4: Log into Grafana as administrator and manually change the Data Source and add namespace=ns1 to the setting Custom query parameters.

5: Rerun the Query since​ you will now see one namespace

Figure 9. Query with Thanos Querier on port 9092

What Happened?

So what actually happened here? We have two important ports for our Thanos Querier: 9091 and 9092.

When we check the Deployment of the Thanos Querier for these ports, we will see:

For the port 9091 it looks like the following:

spec:
[...]
      containers:
[...]
        - resources:
[...]
          ports:
            - name: web
              containerPort: 9091
              protocol: TCP
[...]
          args:
[...]
            - '-openshift-sar={"resource": "namespaces", "verb": "get"}'

 

There is an OAuth setting that  inidcates : you need the privilege to GET the objects "namespace".

The only cluster role that  has this privilege, which is also mentioned by the official OpenShift documentation, is cluster-monitoring-view:

- apiVersion: rbac.authorization.k8s.io/v1
  kind: ClusterRole
  metadata:
    name: cluster-monitoring-view
  rules:
  - apiGroups:
    - ""
    resources:
    - namespaces
    verbs:
    - get

 

As we have seen above, this will show you all namespaces available on the cluster.

When you check port 9092, there is no such OAuth configuration. This service is actually in front of the container kube-rbac-proxy.

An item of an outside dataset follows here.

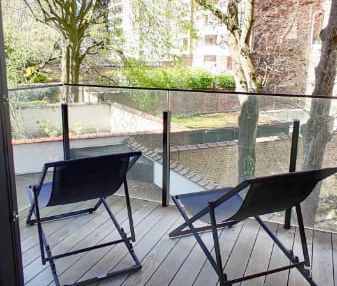 Appartement te huur - Photo 3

It does not require OAuth, but instead the namespace URL parameter.

Details can be found at: https://github.com/openshift/enhancements/blob/master/enhancements/monitoring/user-workload-monitoring.md

In short, the whole setup looks like this:

Figure 10. Thanos interconnecting containers

While port 9091 goes directly to Thanos it will require that you have the cluster-monitoring-view role. Port 9092 does not require this, but instead, you must send the URL parameter namespace=.

Summary

While both options are valid, remember this about the Grafana Operator:.

  • Currently, the URL parameter can be set in Grafana directly only. The operator will ignore it. The ticket in the project shall address this, but is not yet implemented: https://github.com/integr8ly/grafana-operator/issues/309
  • The URL parameter setting will be gone when the Grafana pods is restarted, which might lead to a problem.
  • While the Grafana serviceaccount does not require cluster permissions, it will require permission to view the appropriate namespace
  • All the above also means that you actually would need to create a new DataSource for every project you want to monitor. I was not able to find a way to send multiple namespaces in the URL parameter.

Is it useful to use the Grafana Operator at all? Probably yes, since operators are the future, and operators are actively developed. Nevertheless, it is always possible to deploy Grafana manually.